Tuesday, May 4, 2010

A Surgical Procedure Similar to Bariatric Surgery May Lead to Treatments for Diabetes

In the past, we've talked about the use of bariatric surgery for weight loss. And we've talked about the possible use of bariatric surgery for diabetes treatment. Well, recently, a group led by a UC Davis veterinary endocrinologist was able to "delay the onset of type 2 diabetes" using a surgical procedure similar to that used in bariatric surgery.

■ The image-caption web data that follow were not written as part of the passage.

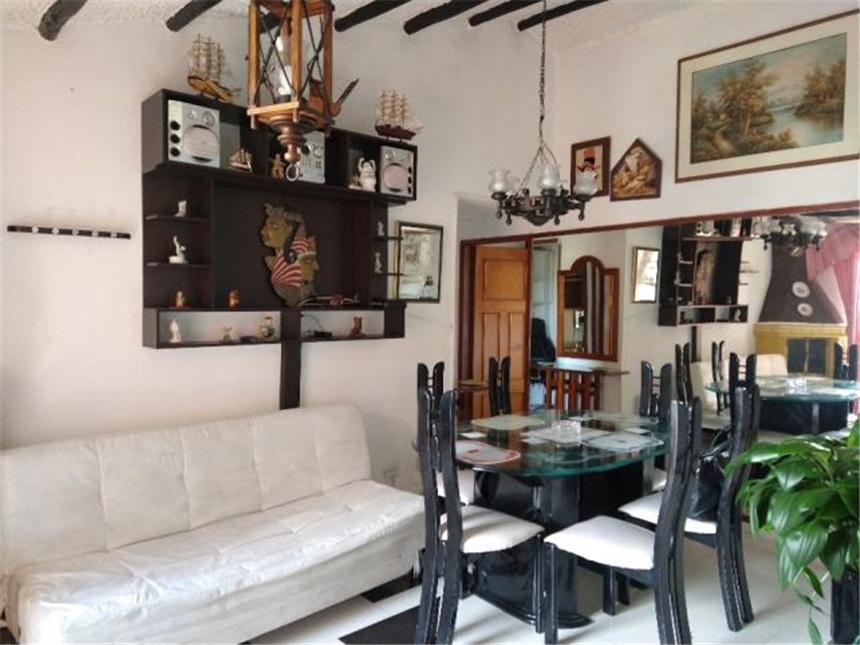 Apartamento de 3 alcobas en venta en La Sultana, Bogotá, 69 m² · foto 3 de 21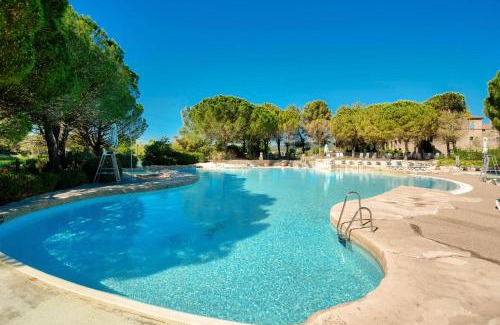 Pont Royal Apartamento | Village Pont Royal en Provence - maeva Home - Appartement 2 pièces 6 personnes climatisé - Prestige MAE-4537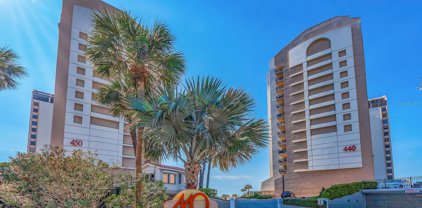 450 S Gulfview Boulevard Unit 708, Clearwater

Bariatric surgery is primarily used for weight loss. The two most popular forms of bariatric surgery are gastric bypass surgery and lap band surgery. Gastric bypass surgery does two things to address weight loss: The surgery shrinks the stomach causing a person to feel full with less food. And the surgery re-routes the small intestine to lessen the number of calories (and nutrients) the body absorbs.

In lap band surgery, an adjustable band is placed around the upper part of the stomach, forming a small pouch or "new smaller stomach." Since the new stomach is smaller than normal, a person feels full with less food.

Both gastric bypass surgery and lap band surgery have led to type 2 diabetes remissions. Indeed, although some studies show that less weight is lost after lap band surgery than after gastric bypass surgery, a 2-year study reported in The Journal of the American Medical Association (JAMA) indicated that obese patients with type 2 diabetes who had lap band surgery experienced higher diabetes remission rates than patients who used conventional methods to control diabetes. So gastric bypass surgery and lap band surgery have led to reduced type 2 diabetes symptoms.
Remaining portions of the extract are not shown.